俺の住んでいる場所は街から遠すぎず、近すぎない丁度良い住宅地の一角だ。去年までは街中の利便性の良い所に住んでいたが、外から聞こえてくる若者の声が自分がもう若くないという事をありありと伝えて来て辛くなってしまい、わざわざ引っ越した。
バスを降りると、山が近いからか少しだけ空気が澄んでいるような気がした。車の排気ガスも少ないだろうし、実際街中より澄んでるんだろう。
アパートの階段を上り、2階の205号室の扉の前に着いた。ここが俺の部屋だ。だが、俺は鍵を開けてもそのまま入りはしない。
ドアノブを持って、念じる。そうしてノブを捻ると、開かれた扉の先は懐かしい古びた駄菓子屋の店内になっていた。
中に入って隅の方に置かれた物を手に取ると何かのキャラクターが描かれている紙を剥がし、包装を解いて中身を口に放り込む。するとチープなソーダ味が口いっぱいに広がった。ガムだ。
俺には昔から他人と違うところが一つだけあった。それがこの古びた駄菓子屋を呼び出す能力だ。物心ついた頃にはもう当たり前に出来ていたので、きっかけが何なのかは不明。中にはそこそこ広い空間に商品棚がいくつか置かれていて、殆どのスペースは空きになっている。

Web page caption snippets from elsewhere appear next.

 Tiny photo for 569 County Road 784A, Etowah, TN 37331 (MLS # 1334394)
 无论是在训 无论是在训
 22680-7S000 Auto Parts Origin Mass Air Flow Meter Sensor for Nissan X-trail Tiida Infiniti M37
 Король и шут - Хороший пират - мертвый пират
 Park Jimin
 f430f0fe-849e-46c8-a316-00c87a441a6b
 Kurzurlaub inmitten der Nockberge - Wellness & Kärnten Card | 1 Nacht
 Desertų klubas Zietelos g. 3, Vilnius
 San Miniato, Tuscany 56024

だがそんな中、何故かこのソーダ味のガムとイカ串だけは毎回補充されていて。一日に10個までなら食べ放題になっている。補充されるお菓子はこの2種類だけなので、流石に飽きてきていて最近は外で買ったお菓子ばっかり食べていたけど、たまに食べると普通に美味しい。
「今日はもう駄菓子屋で寝ちゃうか。なんだか疲れたし、お腹もイカ串食べとけばいいでしょ」
駄菓子屋の奥はちょっとした生活スペースになっている。小さいが冷蔵庫とポットもあって、布団さえあればここでの生活も可能だ。テレビもWi-fiも無いので超暇なのは玉に瑕である。電波は来ているけど、通信制限は掛けられたくないから使わない。ちなみに床は畳だ。

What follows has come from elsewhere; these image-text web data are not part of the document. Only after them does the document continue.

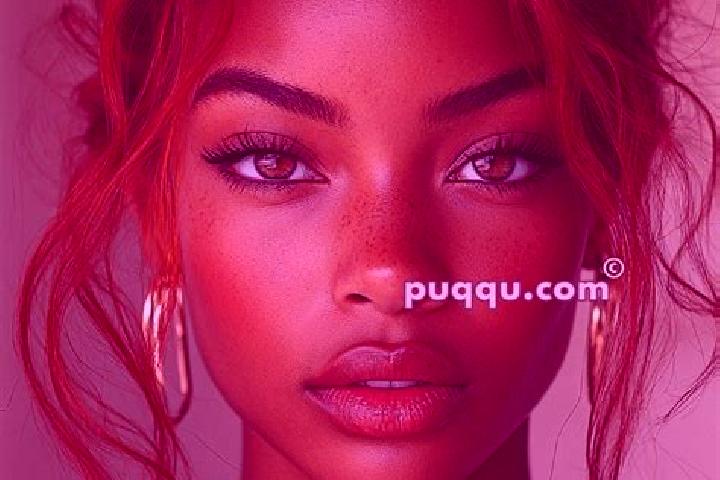 Layla, 33, a auburn brown-eyed ebony companion based in Cooroy. Offering Prostate Massage, Domination, Roleplay. Available for incall and outcall, day and ev...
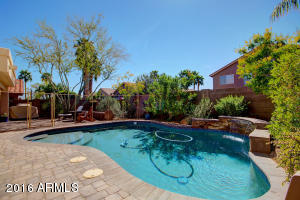 1017 E Hiddenview Dr, Phoenix, AZ 85048 photo 35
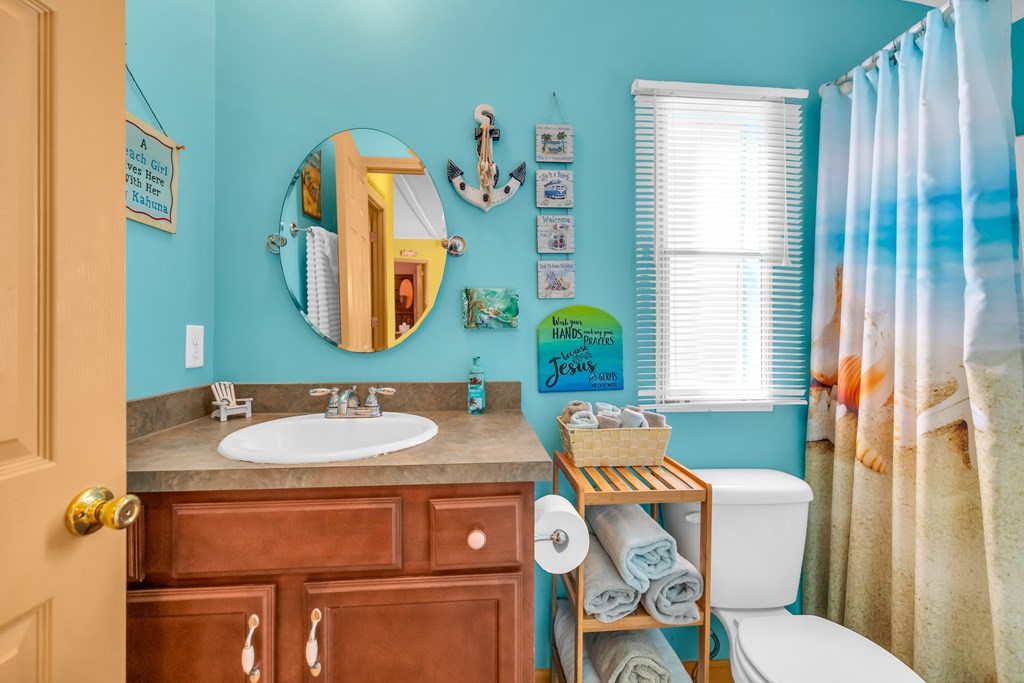 11 Fawn Court Chappells, SC 29037 - Photo 32 of 42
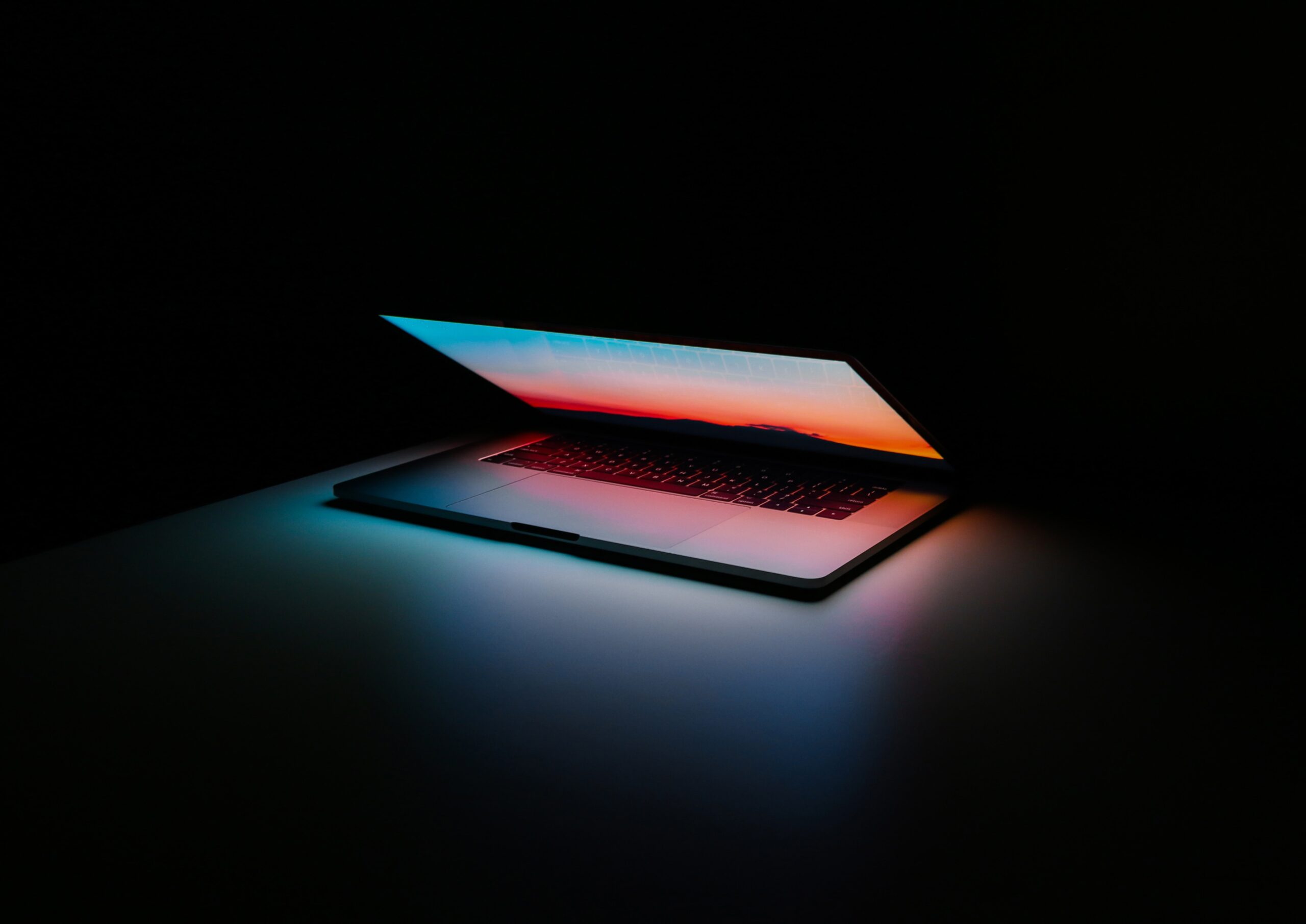 4 Simple Tips for Crafting an Ideal B2B Customer Experience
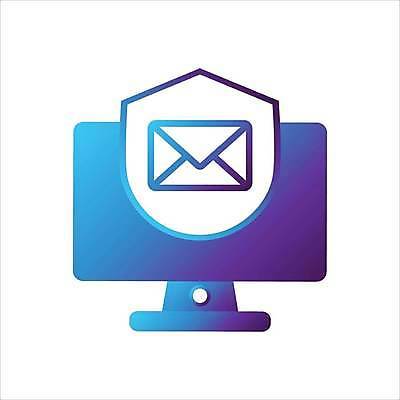 EPS 해외이미지 디자인 백그라운드 컨셉 인터넷 일러스트 비즈니스 통신 모바일 노트북 스마트폰 컴퓨터 사무실 알약 디지털 스크린 모니터 검은색 공책 웹 공백 장비 흰색 네트워크 플랫 휴대용 무선전화기 스마트 심볼 오브젝트 전자 고립 해외일러스트 컬러 문구용품 전자제품 핸드폰 스마트기기 약 전화기 파일형식 벡터 이미지허브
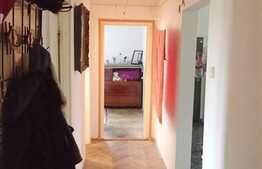 2 camere, finisat modern pe Brancusi!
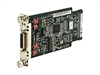 ISDN Modems –  – 3C13722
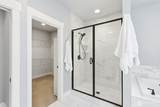 6218 212th Drive - Photo 28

布団はこのまえ中に持ってきたので敷いてしまえばそのまま寝られる。
俺はイカ串の入ったプラスチックの容器を片手に抱えながら靴を脱ぐと、奥に積まれていた布団を引っ張り、掛布団が横に無謀さに投げ出された状態のままダイブした。
イカをちょびっとずつ食いちぎってもしゃもしゃと噛んでいると、やがて布団のおかげで襲って来た睡魔に負けて意識を手放した。
数時間後、薄暗い部屋で目を覚ます。この駄菓子屋、照明がついていない時は外の明るさで明暗が変わるので、この薄暗さは早朝であることを示している。
ポケットからスマホを取り出し時間を確認すると、時刻は朝の4時50分を示していた。帰って来てすぐに寝てしまったので十分な睡眠はとれているのだが、こんな時間に目を覚ましたのは何だかもったいない気がして、俺はもう一度布団にダイブした。
しかし、ダイブしたのはいいものの睡眠欲は戻ってこず、それどころか昨日ちゃんとしたご飯を食べなかった影響でお腹がぐ~っと鳴る。
駄菓子屋の冷蔵庫を見てみると、ろくなものが入っていなかった。飲みかけの牛乳と安いチョコレートの袋が1つだけ。流石の俺も朝からチョコレートはちょっとなぁ。
「仕方ない。一回外出て家に入るか」
皺の付いたスーツをサッと撫で、駄菓子屋の店舗で入り口である両開きの引き戸を開ける。入ってきた時普通に押し開けるタイプのドアだったのに出る時は引き戸。まあ変だよね。
外の空気がぬるっと流れ込んで来る中で一歩を踏み出すと、まさかの目の前に人が居たらしく俺はその人にぶつかってしまった。
拙いな、人が居たのか。
駄菓子屋は中から外の様子が分からないのがネックだ。こうして注意せずに出て行くと、人やら動物やらが前を歩いていたなんてことがこれまでの人生で何度かあった。猫を驚かせてしまった時は申し訳なかったなぁ。飛び上がってひっくり返ってたし。
っと、ぶつかった人に謝らなければ。そう思って相手をよく見る。
ここはアパートの2階。居るなら住人か大家さんだろう。彼らとは比較的仲が良いので謝ったら普通に許してくれるはず。そのはず、だった。
「えっ」
そこにあった顔は酷く痩せていて青黒かった。目は焦点が合っていないかのように不自然に揺れていて、そして何より猛烈な臭いが漂っている。
こ、この辺のホームレスの人か?
「あ、あの」
『ヴぁあ˝あ˝あ˝あ˝あ˝あ˝あ˝あ˝あ˝あ˝』
「うわああッッ!?」
男は、いや男かどうか分からないが、そいつは俺が声をかけたと同時に襲い掛かって来た。スーツを掴み、目を剥いて、赤黒く染まった歯で噛みつこうとしてきたんだ。
俺は腕を突き立てて必死に抵抗した。そして揉み合って。そのまま二階の廊下の手すりから落ちた。